The most obvious way to flip with a zero-balance credit card is to get a term mortgage on your home, then use the zero-balance card to pay for appliances and renovations. If you plan to keep the home after it sells Renovatedyou need to refinance the property or be confident enough that your cash flow will be able to pay off the credit card before the 0% introductory offer expires. Renovations and budgets are often overdue, as are listing and leasing properties, so consider all of these factors when deciding whether to use a business credit card.
0% Credit Cards and Short-Term Rentals: A Match Made in Heaven
Zero APR Credit Card Is the Perfect Tool short term rental Business. If you own an existing property or are arbitraging one, decorating your home to attract holidaymakers will involve spending on TVs, beds and decor. It could amount to a lot of money. However, the rental returns can be huge –more than three times Rent as a regular, depending on location – allowing you to pay off the card quickly and earn money High profits.
This is a trick I’ve used myself, and it’s relatively safe if you’re sure you can get the rent you need. In my case, before I spent a penny on the card, I signed a lease with an arbitrage tenant – we agreed to split the furniture costs.
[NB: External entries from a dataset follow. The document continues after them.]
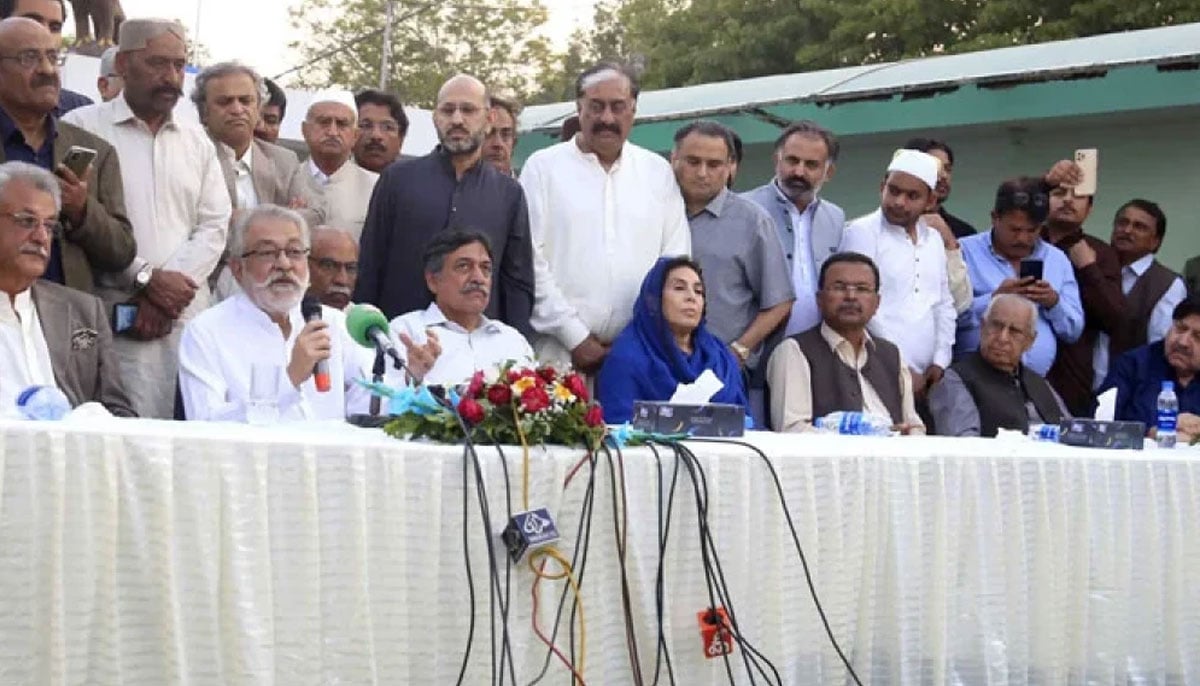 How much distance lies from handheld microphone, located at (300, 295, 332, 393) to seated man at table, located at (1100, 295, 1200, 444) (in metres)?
3.86

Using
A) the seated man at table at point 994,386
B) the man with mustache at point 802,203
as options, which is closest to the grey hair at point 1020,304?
the seated man at table at point 994,386

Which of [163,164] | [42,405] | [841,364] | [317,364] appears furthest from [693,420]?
Answer: [163,164]

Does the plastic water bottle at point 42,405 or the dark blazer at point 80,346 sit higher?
the dark blazer at point 80,346

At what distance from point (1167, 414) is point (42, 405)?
4.27 meters

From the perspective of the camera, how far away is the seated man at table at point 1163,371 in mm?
7008

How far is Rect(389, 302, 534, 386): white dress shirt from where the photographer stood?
542cm

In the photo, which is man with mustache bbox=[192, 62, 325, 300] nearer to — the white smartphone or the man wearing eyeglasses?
the man wearing eyeglasses

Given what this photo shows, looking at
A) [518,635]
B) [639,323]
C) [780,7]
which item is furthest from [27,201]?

Another thing worth studying is the installation accessory dwelling unit (ADU) located next to your STR or primary residence for additional income.These often include US$60,000 to US$225,000. Using a card to buy or renovate and pay it off through rent or refinancing can increase your long-term cash flow.
A new wave of compelling new Small house– Ideal for short term rentals – recently arrived exist arrive market, Starting at $20,000. this Making them ideal for credit card purchases since banks won’t touch such small loans.
final thoughts
if you No If you don’t have the security of a W-2 job or savings as a backup, you’re walking a precarious financial tightrope when you use a zero-interest credit card. In real estate investing, one thing usually holds true: things never go according to plan.
However, with a monetary buffer and an understanding of how to best deploy zero-interest credit cards, they can be a huge asset, allowing you to bypass hard money lenders and lay the foundation for financial freedom.
But please note: these instruments are wrapped in yellow warning tape. In fact, if you are an unorganized person or do not have an organized person working with you, then 0% interest credit cards are not recommended.If you don’t have a foolproof bailout strategy, e.g. Hurlock Or an emergency fund in case you find yourself unable to cope.